## What you have to do:
The copy should hold exactly the lines below from the one that contains "1780 PARKHURST Avenue, London" through the one that contains "2.5-Zimmer Erdgeschosswohnung mit" and nothing else, so no pictures.

## Records provided:
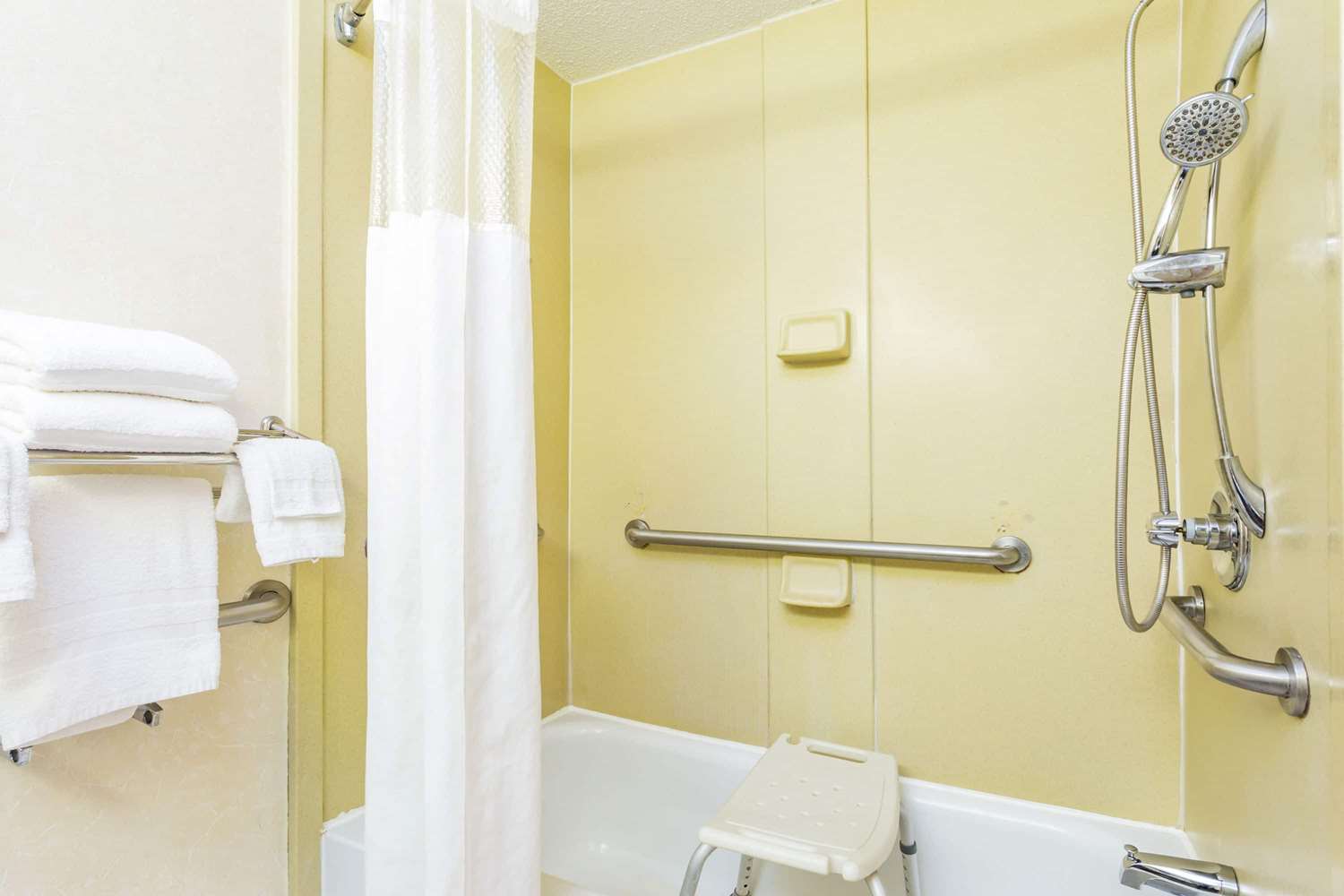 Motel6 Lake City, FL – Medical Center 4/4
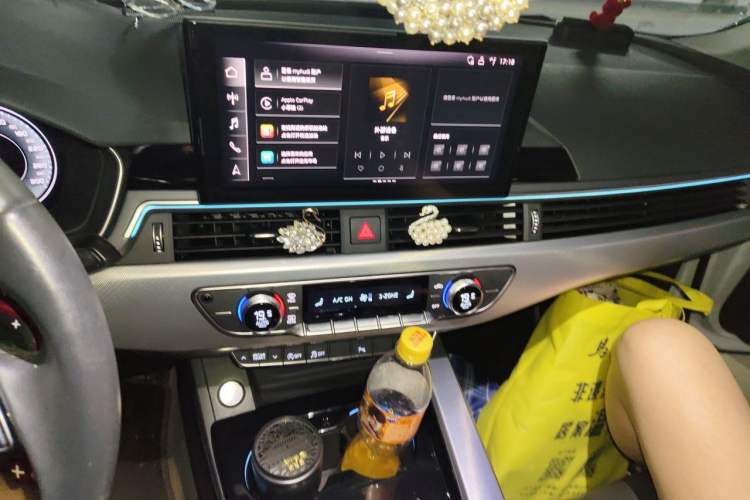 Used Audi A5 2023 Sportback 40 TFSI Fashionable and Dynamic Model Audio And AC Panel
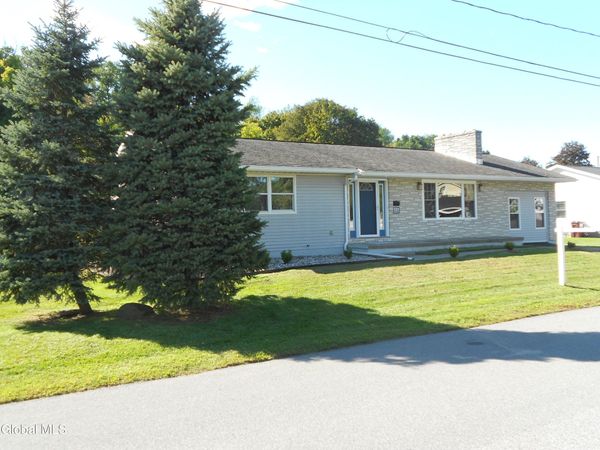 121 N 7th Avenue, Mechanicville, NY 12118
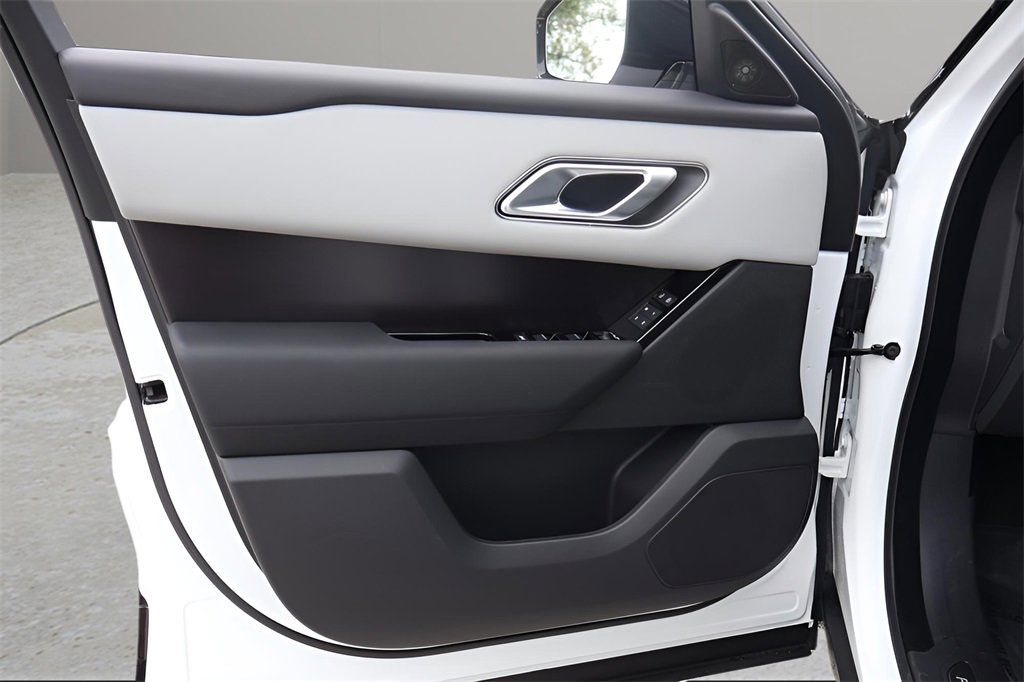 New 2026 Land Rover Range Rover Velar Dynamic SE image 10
...
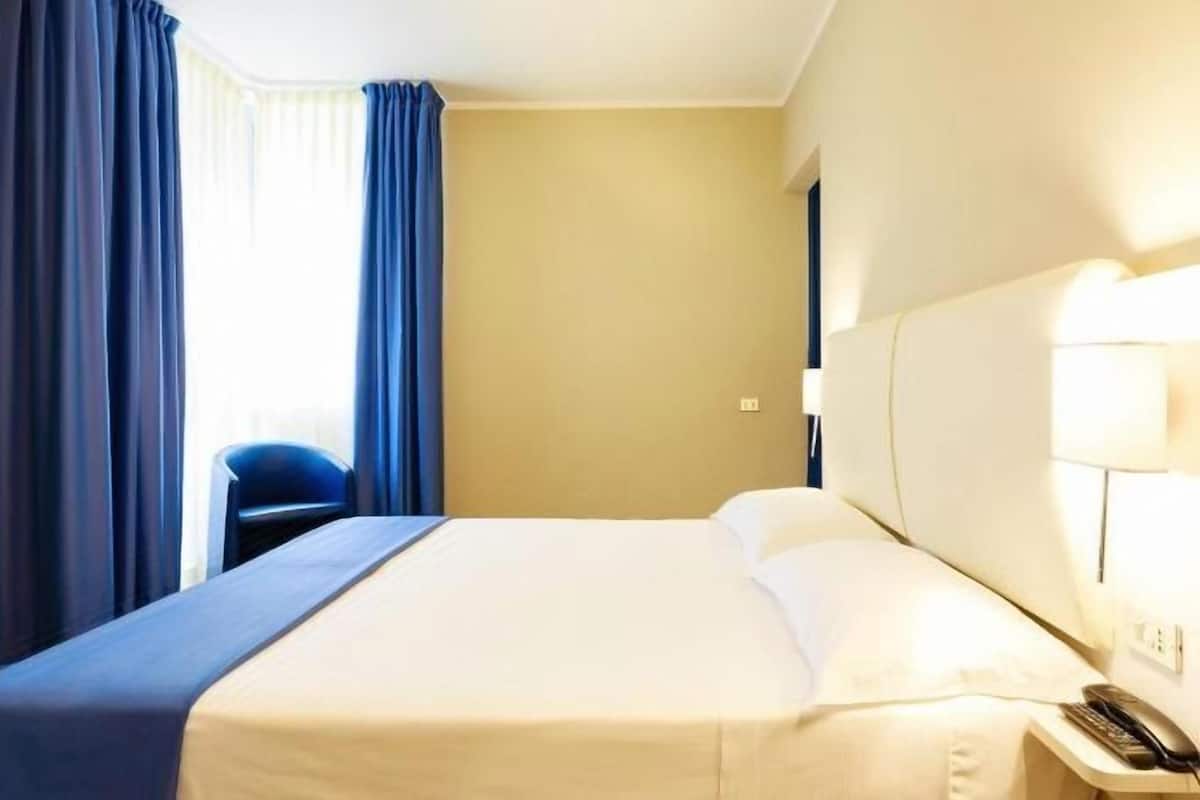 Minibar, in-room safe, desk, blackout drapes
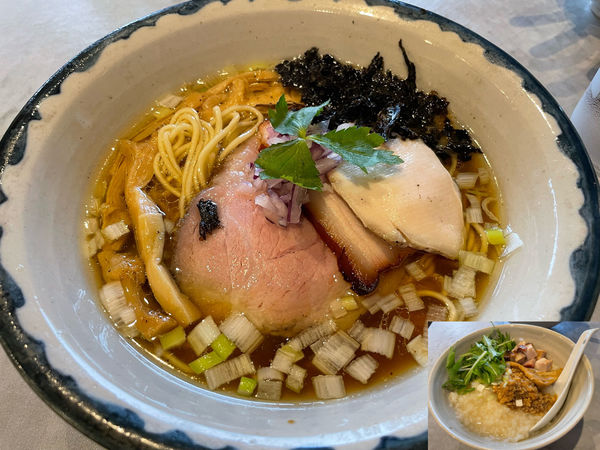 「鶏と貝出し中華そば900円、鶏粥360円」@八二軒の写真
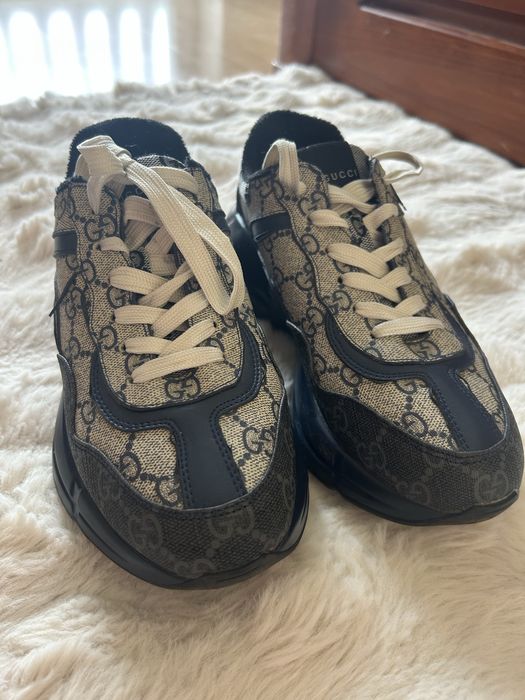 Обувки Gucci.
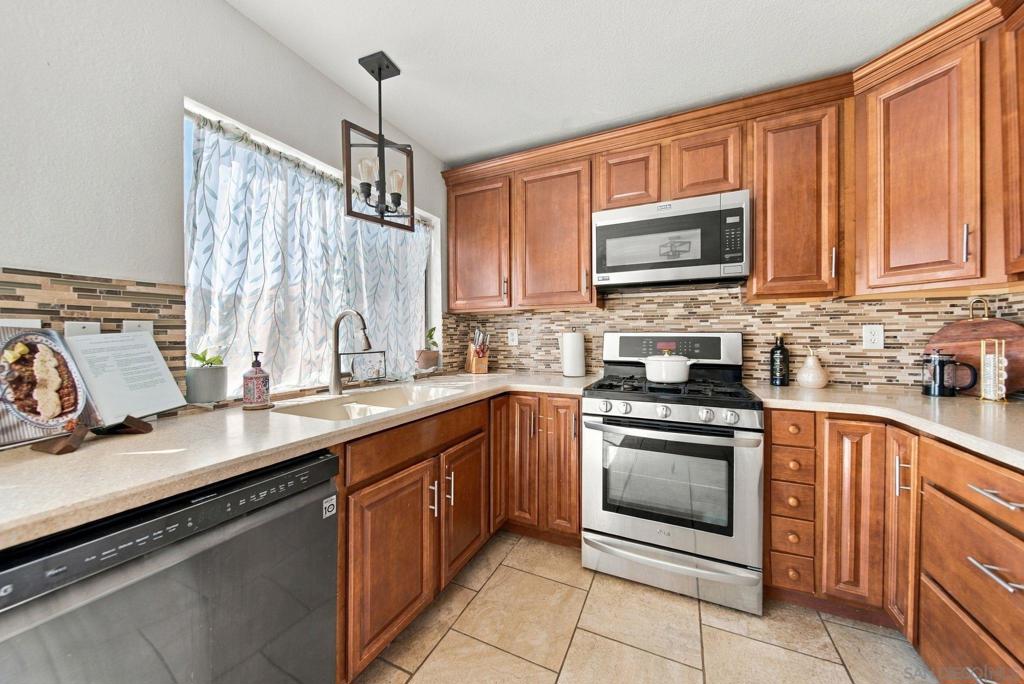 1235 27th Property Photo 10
* * *
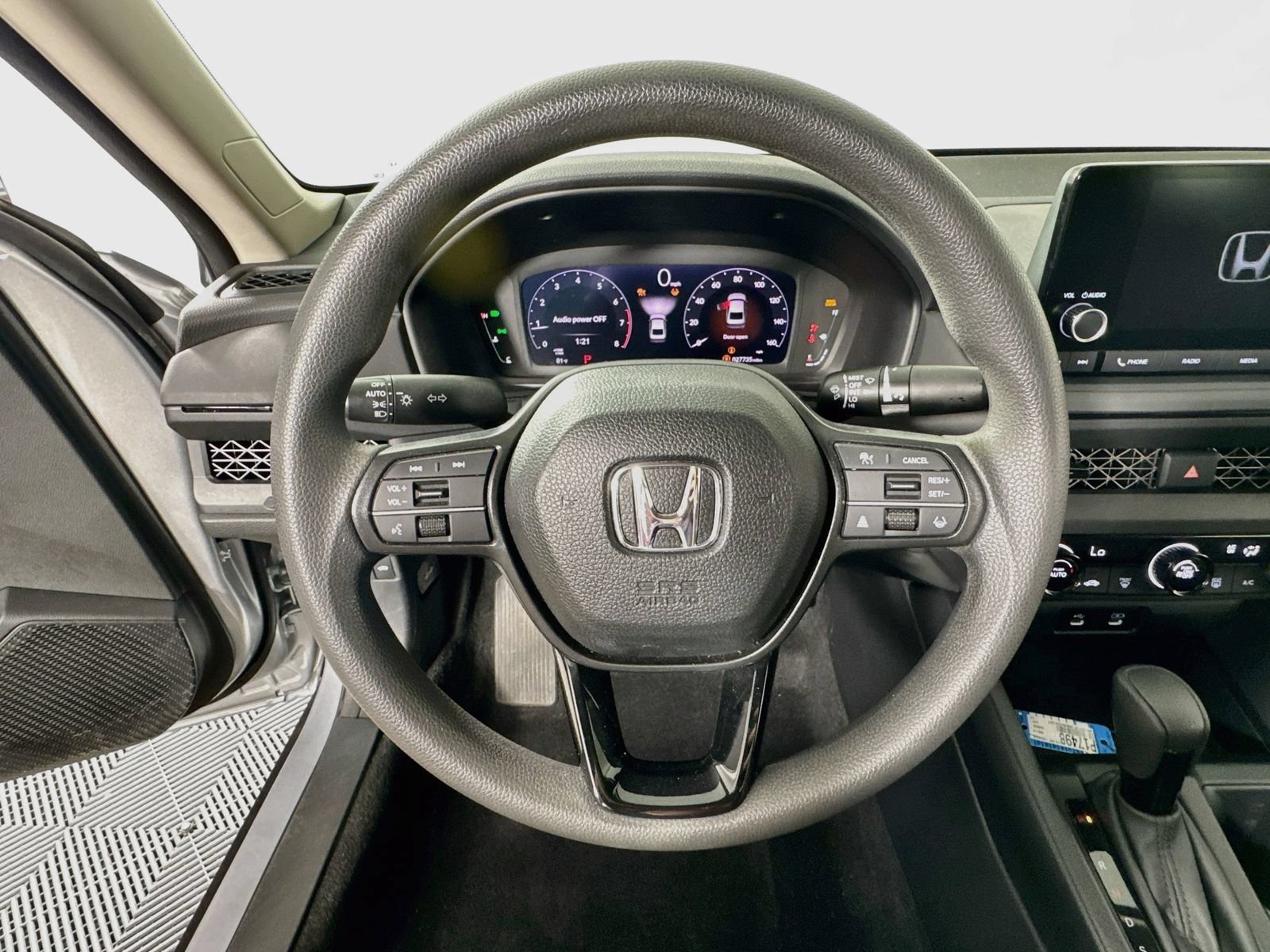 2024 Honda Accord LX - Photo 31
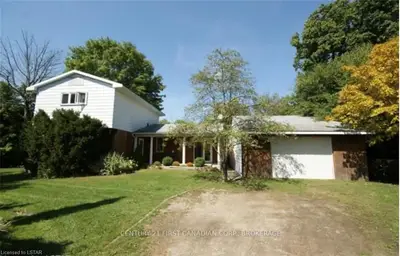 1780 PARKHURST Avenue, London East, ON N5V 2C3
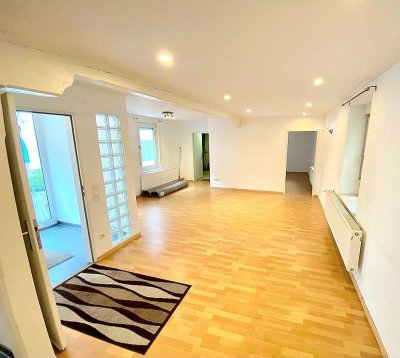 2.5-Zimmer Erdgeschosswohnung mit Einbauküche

## Written solution:
 1780 PARKHURST Avenue, London East, ON N5V 2C3
 2.5-Zimmer Erdgeschosswohnung mit Einbauküche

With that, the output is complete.